Data excerpt Start Marker

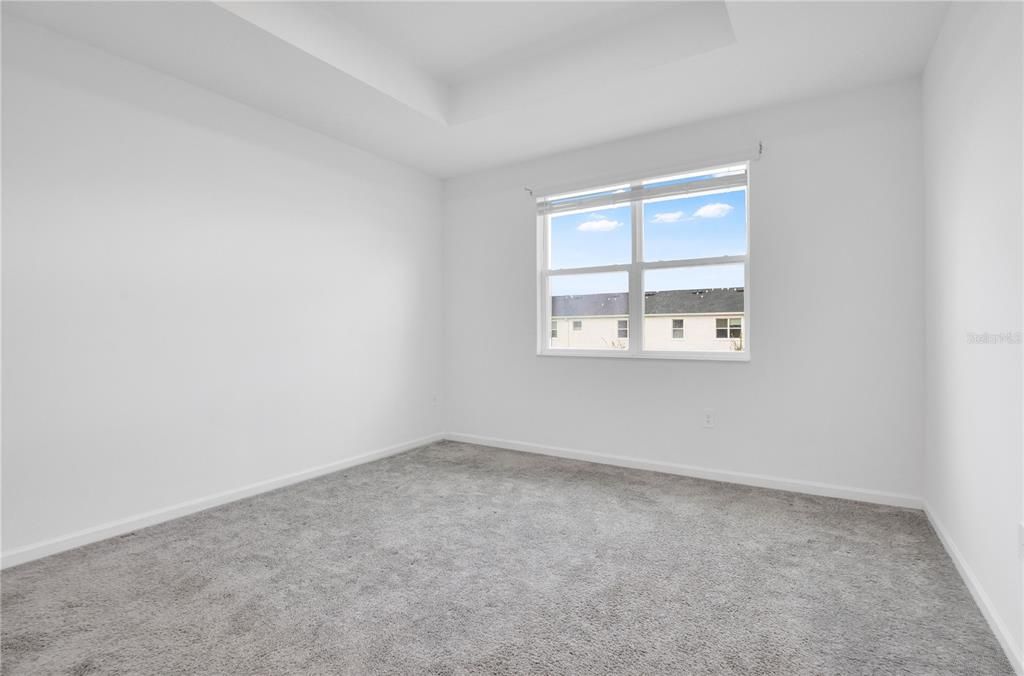 En Venta: $349,000 (4 camas, 3 baños, 1944 Pies cuadrados)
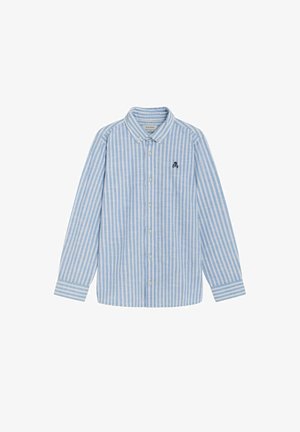 Camisa de manga larga con botones, de rayas verticales en azul claro y blanco, con un pequeño logo de calavera negra en el pecho izquierdo.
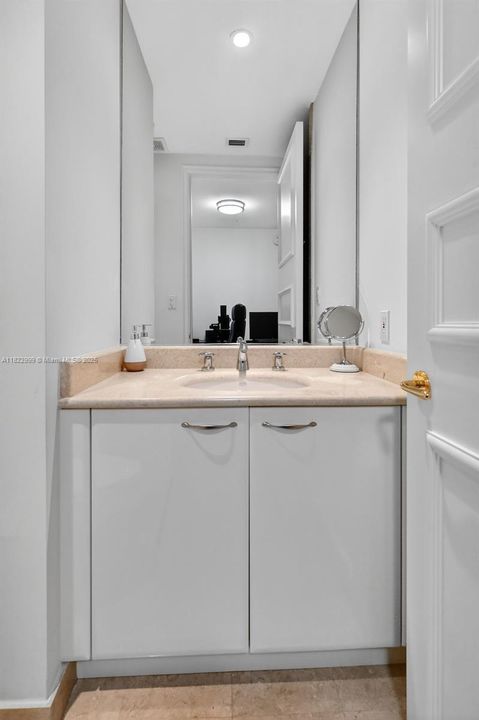 For Rent: $27,000 (4 beds, 6 baths, 5141 Square Feet)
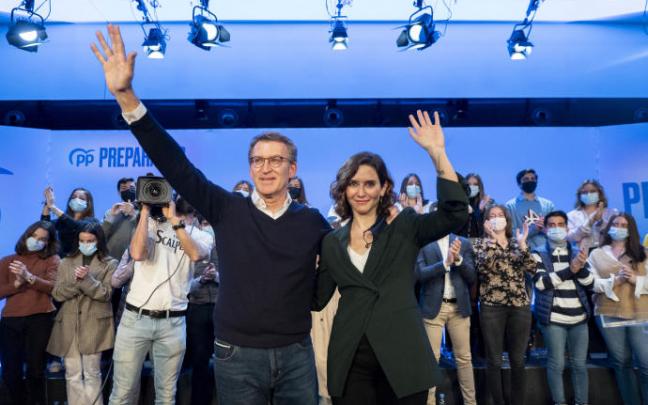 Alberto Núñez Feijóo e Isabel Díaz Ayuso en un encuentro de afiliados en Novotel Madrid Center.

Data excerpt End Marker

_Task description_: Your answer must be an exact copy of the data above, minus its pictures.

_Response to the task_:
 En Venta: $349,000 (4 camas, 3 baños, 1944 Pies cuadrados)
 Camisa de manga larga con botones, de rayas verticales en azul claro y blanco, con un pequeño logo de calavera negra en el pecho izquierdo.
 For Rent: $27,000 (4 beds, 6 baths, 5141 Square Feet)
 Alberto Núñez Feijóo e Isabel Díaz Ayuso en un encuentro de afiliados en Novotel Madrid Center.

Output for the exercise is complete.